This report presents a robust framework for measuring liquidity, defined as the ability to quickly execute large orders at a price close to the market with limited impact. Liquidity must be tracked over time and across market regimes, incorporating the effects of seasonality and macroeconomic events while balancing pre-trade and post-trade perspectives. In practice, liquidity is measured by the speed of execution and the immediate availability in the order book. The analysis details indicators such as volume, spreads, market depth, and slippage, and applies this framework to Korean cryptocurrency exchange platforms such as UPbit and Bithumb.

In Korea, KRW markets on exchanges have historically adopted large tick sizes to stabilize price action and improve order book readability for a highly active retail audience. The primary objective is stability, based on the observation that larger tick sizes reduce noise, limit price movements, and improve order book readability for a very active retail clientele. UPbit has implemented a price-range-based tick size to adapt granularity to price levels while preserving stability. Despite these large tick sizes, UPbit remains the most liquid exchange, based on ask-side slippage in the BTC-KRW market in late 2025 for a 10,000,000 KRW ask order.

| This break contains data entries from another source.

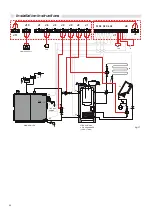 Preview for 30 page of Unical AIREX Series Installation And Maintenance Instructions Manual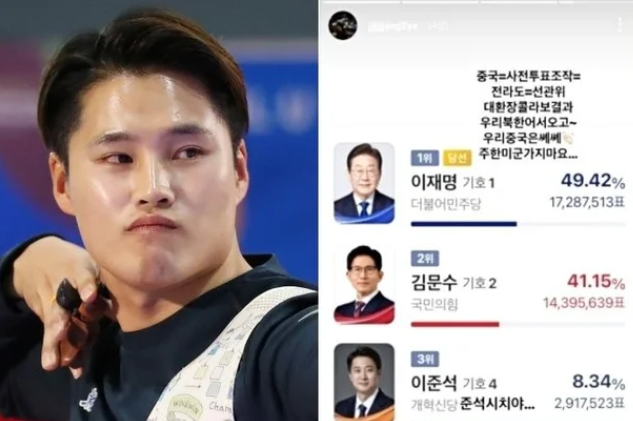 양궁 국가대표 <b>장채환</b>, SNS <b>극우 게시물</b>로 '품위' 논란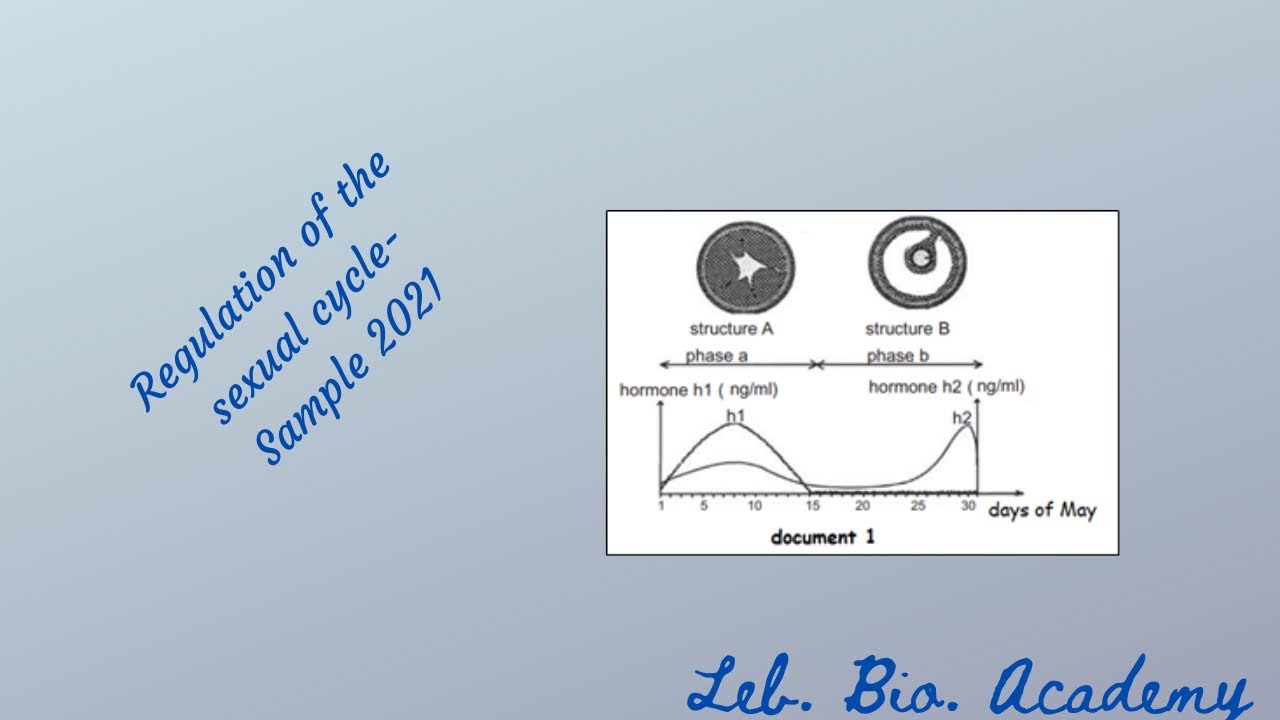 Regulation of the sexual cycle- sample 2021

We compare the main Korean exchanges in terms of trading volume and market share and analyze token-specific dynamics. The vast majority of trade volume in Korea is concentrated on UPbit, with recurring spikes far exceeding Bithumb, particularly during periods of macroeconomic shock. Liquidity can also be analyzed when BTC reaches new all-time highs, as has been observed several times in 2025. Rising prices attract new capital, which tends to fill the order book and tighten spreads on the most liquid pairs.